Latin version of Origen on Matthew (now called Pseudo-Origen).
It is written in a certain Gospel which is called according to the Hebrews (if at elast any one care to accept it, not as authoritative, but to throw light on the question before us):
The second of the rich men (it saith) said unto him: Master, what good thing can I do and live? He said unto him: O man, fulfil (do) the law and the prophets.
He answered him: I have kept them. He said unto him: Go, sell al that thou ownest, and distribute it unto the poor, and come, follow me. But the rich man began to scratch his head, and it pleased him not. And the Lord said unto him: How sayest though: I have kept the law and the prophets? For it is written in the law: Though shalt love thy neighbor as thyself, and lo, many of thy brethren, sons of Abraham, are clad in filth, dying for hunger, and thine house is full of many good things, and nought at all goeth out of it unto them.
And he turned and said unto Simon his disciple who was sitting by him: Simon, son of Joanna, it is easier for a camel to enter in by a needle’s eye than for a rich man to enter into the kingdom of heaven.
It is probable that this extract was found by the translator of Origen’s comentary in some work of Jerome. It seems to be agreed that it was not in Origen’s own commentary.
Some manuscripts of the Gospels have marginal notes recording readings of ‘the Jewish’ Gospel, by which our Gospel is evidently meant. Some of these were published by Tischendorf, others more recently by Schmidtke. According to the latter these notes were originally made between 370 and 500 by some one who did his work at Jerusalem.
Matt. iv. 5. The Jewish copy has not ‘unto the holy city’ but ‘in Jerusalem’.
Matt. v. 22. The word ‘without cause’ is not inserted in some copies, nor in the Jewish.
Matt. vii. 5. The Jewish has here: If ye be in my bosom and do not the will of my Father which is in heaven, out of my bosom will I scast you away.
(The ‘Second Epistle of Clement’, iv. 5, has: The Lord said: If ye be with me gathered together in my bosom and do not my commandments, I will cast you away and say unto you: Depart from me; I know you not whence ye are, ye workers of wickedness.)
Matt. x. 16. The Jewish has ‘(wise) more than serpents’ instead of ‘as serpents’.
Matt. xi. 12. (The kingdom of heaven suffereth violence.) The Jewish has: ‘is ravished (or plundered).’
Matt. xi. 25. (I thank thee (lit. confess unto thee), O Father.) The Jewish: ‘I give thee thanks.’
Matt. xii. 40b.
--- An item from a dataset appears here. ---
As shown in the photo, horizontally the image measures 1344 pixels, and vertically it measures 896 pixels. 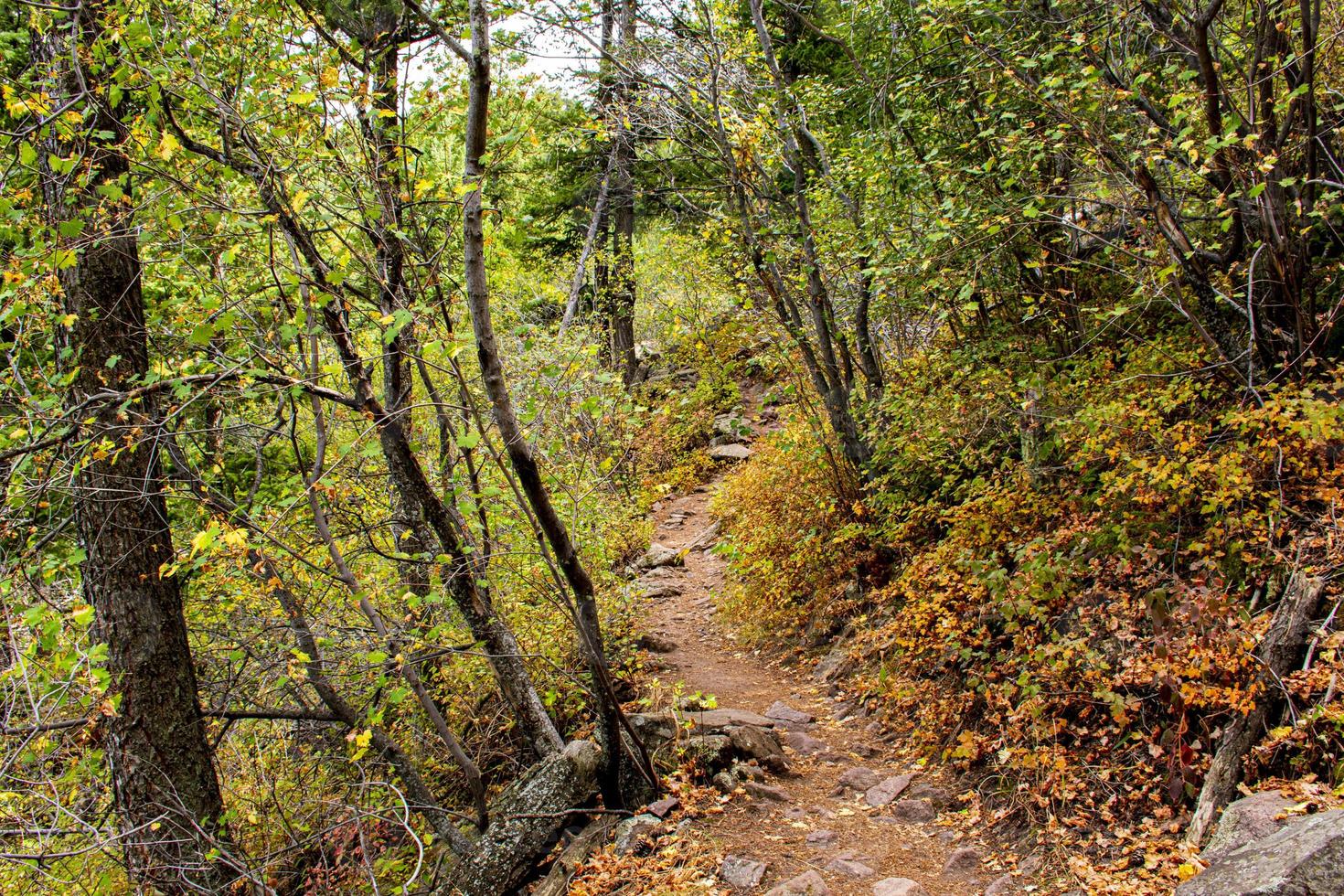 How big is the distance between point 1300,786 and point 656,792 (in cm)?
360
The Jewish has not: three days and three nights (in the heart of the earth).
Matt. xv. 5. The Jewish: Corban by which ye shall be profited by us.
Probably it is meant that the verse ran: But ye say to your father and mother: Corban, &c.
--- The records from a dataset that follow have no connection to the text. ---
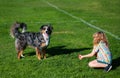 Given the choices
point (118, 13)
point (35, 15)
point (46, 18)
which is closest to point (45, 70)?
point (46, 18)

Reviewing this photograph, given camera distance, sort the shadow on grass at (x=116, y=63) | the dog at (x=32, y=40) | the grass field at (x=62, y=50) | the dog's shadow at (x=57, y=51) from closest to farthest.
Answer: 1. the grass field at (x=62, y=50)
2. the shadow on grass at (x=116, y=63)
3. the dog at (x=32, y=40)
4. the dog's shadow at (x=57, y=51)

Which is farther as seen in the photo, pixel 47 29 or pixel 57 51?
pixel 57 51

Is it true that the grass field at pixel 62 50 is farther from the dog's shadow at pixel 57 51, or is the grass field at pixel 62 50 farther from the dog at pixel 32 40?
the dog at pixel 32 40

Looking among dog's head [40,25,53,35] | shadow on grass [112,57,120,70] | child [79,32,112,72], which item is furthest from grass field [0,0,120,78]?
dog's head [40,25,53,35]

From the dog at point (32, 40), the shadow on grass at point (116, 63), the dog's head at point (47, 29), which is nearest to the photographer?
the shadow on grass at point (116, 63)

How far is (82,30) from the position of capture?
19.5 metres

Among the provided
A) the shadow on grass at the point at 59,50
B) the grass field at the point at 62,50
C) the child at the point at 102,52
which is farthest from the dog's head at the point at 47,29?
the child at the point at 102,52

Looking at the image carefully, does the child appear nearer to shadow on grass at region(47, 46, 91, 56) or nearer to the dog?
the dog

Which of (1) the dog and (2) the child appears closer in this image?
(2) the child

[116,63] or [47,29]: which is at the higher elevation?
[47,29]

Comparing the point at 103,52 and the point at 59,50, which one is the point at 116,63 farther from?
the point at 59,50

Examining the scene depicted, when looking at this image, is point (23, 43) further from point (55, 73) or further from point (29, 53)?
point (55, 73)

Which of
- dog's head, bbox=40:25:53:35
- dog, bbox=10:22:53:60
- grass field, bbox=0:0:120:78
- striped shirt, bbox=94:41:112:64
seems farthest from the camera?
dog, bbox=10:22:53:60

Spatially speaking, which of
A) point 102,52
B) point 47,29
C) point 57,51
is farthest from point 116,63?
point 57,51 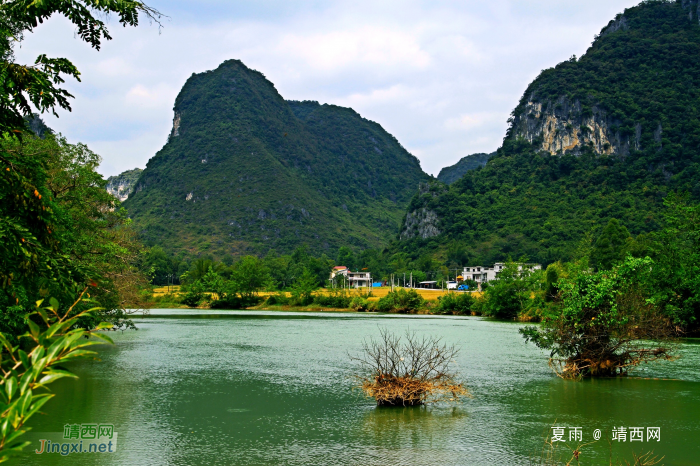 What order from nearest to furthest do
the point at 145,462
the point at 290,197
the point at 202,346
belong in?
the point at 145,462 → the point at 202,346 → the point at 290,197

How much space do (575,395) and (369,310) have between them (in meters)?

Matt. xvi. 2, 3. Omitted by ‘the Jewish’ (as by many extant manuscripts).
Matt. xvi. 17. The Jewish: (Simon) son of John.
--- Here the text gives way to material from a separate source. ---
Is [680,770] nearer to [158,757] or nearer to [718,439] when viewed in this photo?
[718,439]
Matt. xviii. 22. The Jewish has, immediately after the seventy times seven: For in the prophets, after they were anointed with the Holy Spirit, there was found in them a word (matter) of sin.
This shows the identity of ‘the Jewish’ with Jerome’s gospel.
Matt. xxvi. 74. The Jewish: and he denied and swore and cursed.
Matt. xxvii. 65. The Jewish: And he delivered unto them armed men, that they might sit over against the cave and keep it day and night.